View in context: https://bugs.webkit.org/attachment.cgi?id=240632&action=review

>>> Source/WebCore/css/CSSSelector.h:53
>>> +        static const unsigned elementMask = 0xff;
>> 
>> I would prefer a typed enum to namespace this:
>> enum class SpecificityMask {
>>     Id,
>>     Class,
>>     Element,
>>     All
>> }
> 
> I don't understand this comment.
> 
> The masks are bitmasks for the different pieces of the specificity tuple stored in the "unsigned" returned from CSSSelector::specificity. I'm not sure a typed enum is useful here.

Oh, I see now. I forgot to include the CSSSelector.cpp changes here. I'm just moving these masks from the .cpp to the .h so the inspector code can use it.

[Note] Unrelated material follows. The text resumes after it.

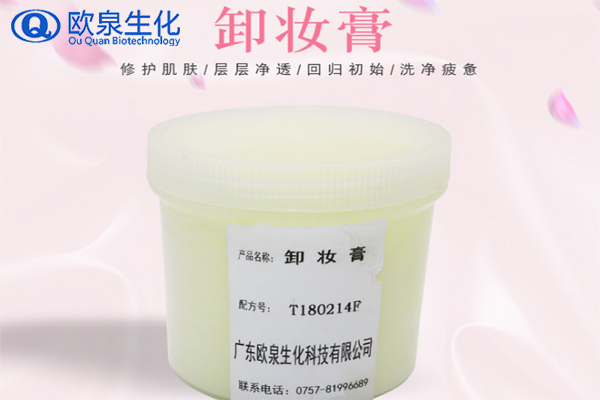 不同的膚質(zhì)應(yīng)該怎么使用卸妝產(chǎn)品呢？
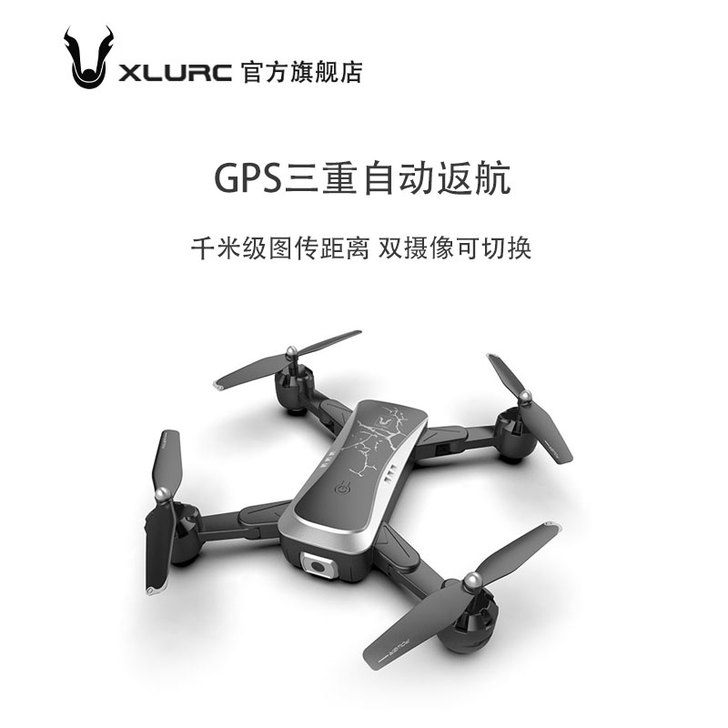 xlurc专业高清4k无人机航拍器GPS超...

New patch soon.
Comment 9 Benjamin Poulain 2014-10-31 17:22:22 PDT
Personally I find the single number unreadable.

Cases with >= 10 in a column are fairly common too in practice.

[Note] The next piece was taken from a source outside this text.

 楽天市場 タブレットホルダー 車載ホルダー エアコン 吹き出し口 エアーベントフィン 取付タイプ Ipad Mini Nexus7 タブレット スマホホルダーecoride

In WebKit, the max value is type 255. You could have funny cases:
-(1, 0, 0) = 100
-(0, 0, 255) = 255

You could adds zeros I guess:
-(1, 0, 0) = 001000000
-(0, 0, 255) = 000000255
Comment 10 Joseph Pecoraro 2014-10-31 17:54:06 PDT
Created attachment 240772 [details]
[PATCH] Proposed Fix

Take 2.
Comment 11 Joseph Pecoraro 2014-10-31 17:55:28 PDT
Created attachment 240773 [details]
[IMAGE] Example

I think we hit the sweet spot with:

    Specificity: (1, 0, 1) ≈ 101

The tuple is the hard truth. The number we show after is a mere approximation I would say most web developers are thinking of in their head.
Comment 12 Timothy Hatcher 2014-11-03 11:39:13 PST
Comment on attachment 240772 [details]
[PATCH] Proposed Fix

View in context: https://bugs.webkit.org/attachment.cgi?id=240772&action=review

> Source/WebInspectorUI/UserInterface/Models/DOMNodeStyles.js:763
> +            return selectors.map(function(selectorText) {
> +                return new WebInspector.CSSSelector(selectorText);
> +            });

Wild return ... return here. JS, stay crazy.
Comment 13 WebKit Commit Bot 2014-11-03 12:03:53 PST
Comment on attachment 240772 [details]
[PATCH] Proposed Fix

Clearing flags on attachment: 240772

Committed r175483: <http://trac.webkit.org/changeset/175483>
Comment 14 WebKit Commit Bot 2014-11-03 12:03:57 PST
All reviewed patches have been landed.  Closing bug.